ふいに空いたその穴を闇雲に塞ごうと何故かしてしまう。もしその穴があのままならここまでこじれなかったかもしれない。
でも塞がなきゃいけなかった。漏れてはいけない。覗かれてもいけない。そこには誰にも見られてはならないものが隠されているから。
そんな傷は誰しもが少なからず抱えている。傍目にはそんなもの持っていないように見せて表の顔で誤魔化すことでそれを守れるから。でも守ろうとしたのに守りきれなかった。
それは同じ穴をみなが隠したのではなく、其々が別々に穴を隠そうとしたから。塞ごうとしたから。
鎖は彼女たちを繋げた。鎖が絡まっている間はどこで会えると安心できた。だから誰もその鎖を断ち切らなかった。

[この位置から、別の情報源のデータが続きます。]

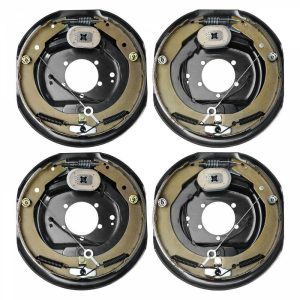 Towing System |   Electric Trailer Brake Assembly, 12″ x 2″, 2 Pairs Self-Adjusting Electric Brakes Kit for 7000 lbs Axle, 5-Hole Mounting, Backing Plates for Braking System Part Replacement (2 Right + 2 Left) Automotive Towing System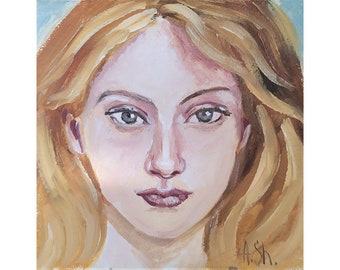 Beautiful Blond Girl Art, Oil Woman Painting,  Female Art, Small original painting , Blond girl portrait mini art 6 by 6" (15x15 sm)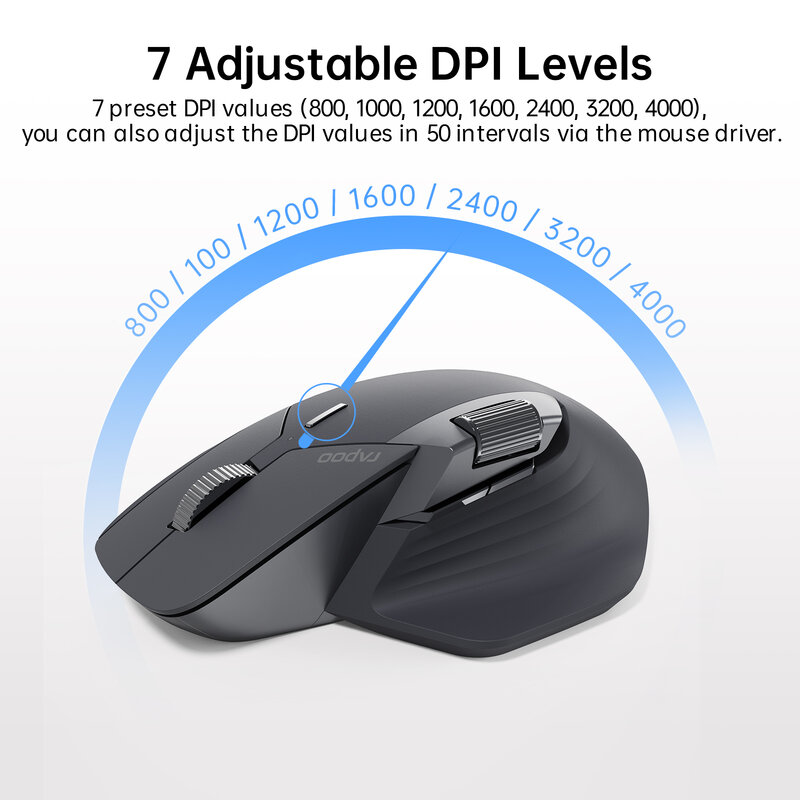 Rapoo-ratón inalámbrico multimodo recargable, Mouse ergonómico con Bluetooth, 4000 DPI, compatible con hasta 4 dispositivos, MT760/MT760L/MT760Mini/MT760M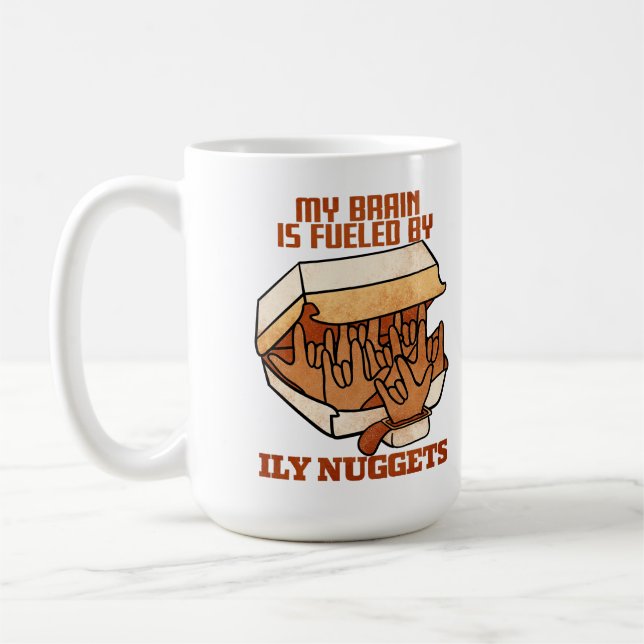 Vi Kärlek Nuggets - Nugget Kärlek - ASL ILY Obsess Kaffemugg (Vänster)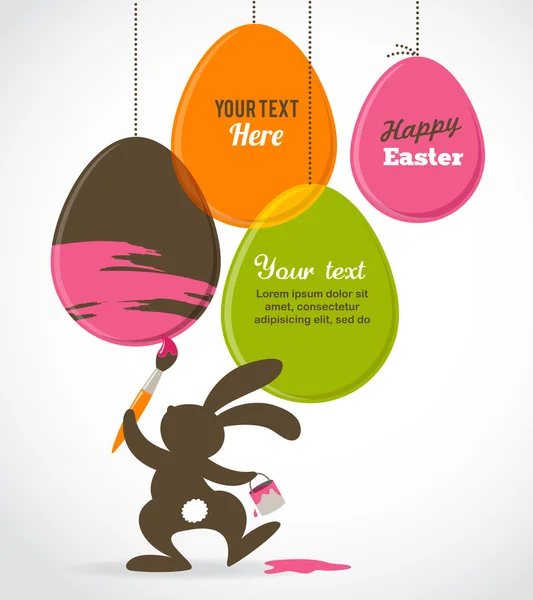 Carte de Pâques avec lapin — Image vectorielle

不安と安心と繫がる限り裏切らないだろうという呪詛をこめて。
読了感はざわざわする。同じ場所に同じ時期住み暮らしていた繋がりがもたらしたもののひとつと言えるような気がした。 -
三人の重く奇妙な関係性を軸に、じわじわと話が展開していく。
「結局、誰かの人生を本当に変えることなんて、他人にはできないんだよ。」という言葉が印象に残った。このことにもっと早く気づいてれば、罪が繰り返されることはなかったのかもしれない。 -
近藤先生は「食事描写がとてもうまい作家さん(ビストロ・パ・マルシリーズの印象)」というイメージだったが、それ抜きでもどえらい作品を書くのか…とびっくりした。
終始淡々とした書き味なのに飽きが来ない文章力で、一気に読んだ。
レベルが違うが、小学生の頃の苦い思い出が蘇ってきて、自分にもダメージが来たりした。